═══ MATERIAL SUPPLIED
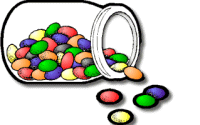 spilled jar of jelly beans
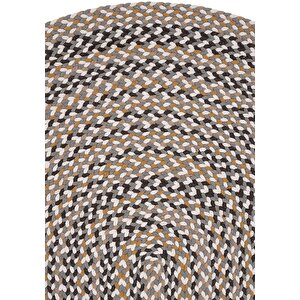 Cool Halı Glenn 618 Renkli Oval Paspas Örgü Hasır Kilim Yolluk Dekoratif Mutfak Balkon Banyo Halısı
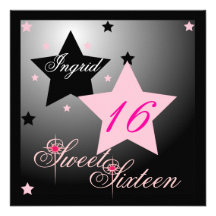 Debutant Star Sweet Sixteen-Cust. Personalized Announcements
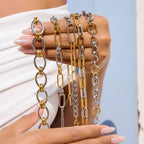 Two-Tone Stainless Steel Chain Bracelet Collection – close-up view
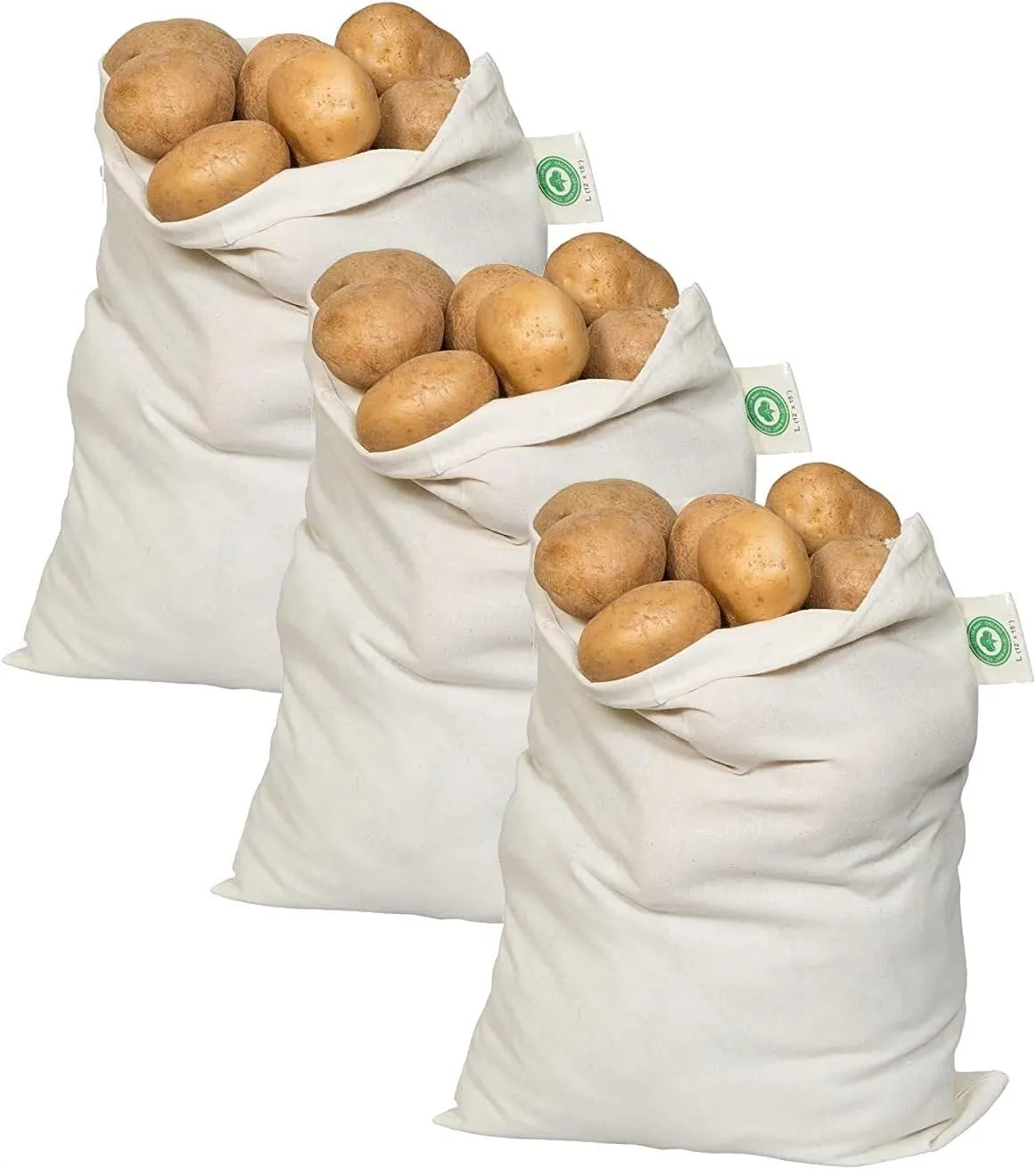 Nut Milk Bag - Reusable produce Sacks - Vegetable Cotton Muslin Bags for Refrigerator, Storing potato, Large and Washale Hemp Bags (3 Large - 12"x15")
══════
**EXERCISE DESCRIPTION:** Write out the data above exactly as it appears, but without any image.

**OUTPUT BELOW:**
 spilled jar of jelly beans
 Cool Halı Glenn 618 Renkli Oval Paspas Örgü Hasır Kilim Yolluk Dekoratif Mutfak Balkon Banyo Halısı
 Debutant Star Sweet Sixteen-Cust. Personalized Announcements
 Two-Tone Stainless Steel Chain Bracelet Collection – close-up view
 Nut Milk Bag - Reusable produce Sacks - Vegetable Cotton Muslin Bags for Refrigerator, Storing potato, Large and Washale Hemp Bags (3 Large - 12"x15")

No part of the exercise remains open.